• Posted by : Chachacino Selasa, 15 November 2016



    Evaluasi Ujian Nasional di Indonesia
    Oleh : Annisa Nino Rahman

                Ujian Nasional (UN) jenjang SMA, SMP, dan SD atau sederajat sudah berlalu, bahkan belum lama ini hasil UN SMA atau sederajat telah diumumkan secara resmi oleh setiap institusi jenjang menengah atas. Meski sejak tahun 2015 UN tak lagi dijadikan sebagai tolak ukur kelulusan, namun masih banyak siswa yang menghalalkan segala daya dan upaya guna menyongsong Ujian Nasional ini.
                Pada hakikatnya, pendidikan ditempuh tidak dilihat dari seberapa baik hasil yang didapat namun seberapa mampu siswa memahami tiap sendi dari pendidikan tersebut. Kendati begitu, fakta yang terjadi justru kebanyakan orangtua dan guru hanya menuntut nilai yang tinggi saja tanpa mau tahu apakah anak memahami dan menguasai pelajaran tersebut. Sehingga paradigma siswa yang terbentuk hanyalah mengejar nilai tinggi, mengerjakan pekerjaan rumah (PR) lebih sering dikerjakan di sekolah, itupun dengan melihat hasil pekerjaan teman atau dengan kata lain menyontek. Padahal pekerjaan rumah sengaja diberikan untuk mengasah kemampuan yang dimiliki siswa serta mengulang kembali pelajaran yang telah disampaikan di kelas.
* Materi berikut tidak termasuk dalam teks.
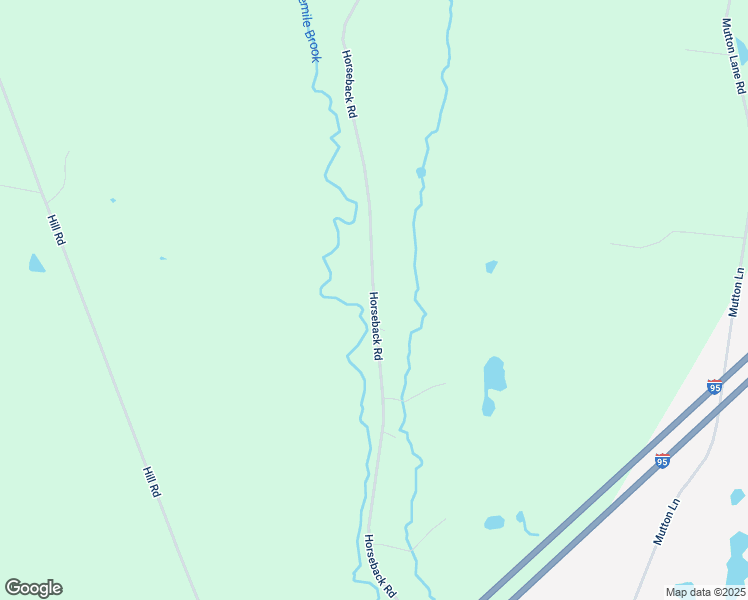 map of restaurants, bars, coffee shops, grocery stores, and more near 225 Horseback Road in Clinton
                Pada akhirnya, ketika para siswa dihadapkan dengan final exam seperti Ujian Sekolah dan Ujian Nasional, mereka cenderung berusaha sekuat tenaga untuk lolos tanpa memusingkan bagaimana mengevaluasi pelajaran yang telah mereka lewati selama tiga tahun terakhir. Fenomena-fenomena yang terjadi pra-UN memang sudah menjadi rahasia publik dan diketahui oleh khalayak, tak menampik bila kita sering menyebutnya serangan fajar. Serangan fajar yang dianggap sebagai bala bantuan, tepat di hari UN berlangsung di waktu fajar atau subuh. Hal tersebut umumnya biasa digunakan para siswa yang meminta oknum pember kunci jawaban yang mampu menyokong mereka dalam mengisi lembar jawaban UN secara instan. Sebagaimana yang dilansir dalam (Liputan 6, 7/04/2016) “Tiga pengedar kunci jawaban Ujian Nasional (UN) di Tegal, Jawa Tengah, ditangkap kepolisian. Ketiganya tertangkap tangan saat sedang menjual kunci jawaban UN kepada dua siswa sebuah SMA Negeri.”
     Para siswa cenderung mengandalkan kunci jawaban yang mereka beli dengan harga yang tidak murah, umumnya kisaran 5 juta hingga belasan juta. Darimanakah mereka mendapat uang sebanyak itu? Menurut pengalaman yang saya dapati saat duduk di bangku sekolah menengah atas, para siswa yang tidak mempunyai kepercayaan diri dalam melalui UN biasanya berkumpul bersama membuat sebuah grup chat satu angkatan bahkan intra sekolah kemudian menyusun rencana dalam pembelian kunci jawaban tersebut.
    Pada saat itu, saya pun diminta ikut kedalamnya, namun saya menolak. Saya memang tidak begitu tahu secara detail, karena saya tidak terlibat dan menilik langsung grup tersebut. Namun berdasarkan cerita yang dipaparkan kawan saya dimana ia turut bergabung dalam grup tersebut, mereka bersama-sama mengumpulkan uang (patungan) guna membeli kunci jawaban dari oknum.  Selanjutnya di pagi harinya salah satu leader dari kumpulan tersebut mengambil kunci dari pemasok lalu mendistribusikannya melalui foto yang diunggah via grup chat tersebut. Bahkan yang saya dengar, ada pula wali murid yang mengetahui akan pembelian kunci jawaban UN tersebut dan justru mendukung pembelian kunci jawaban bagi sang anak.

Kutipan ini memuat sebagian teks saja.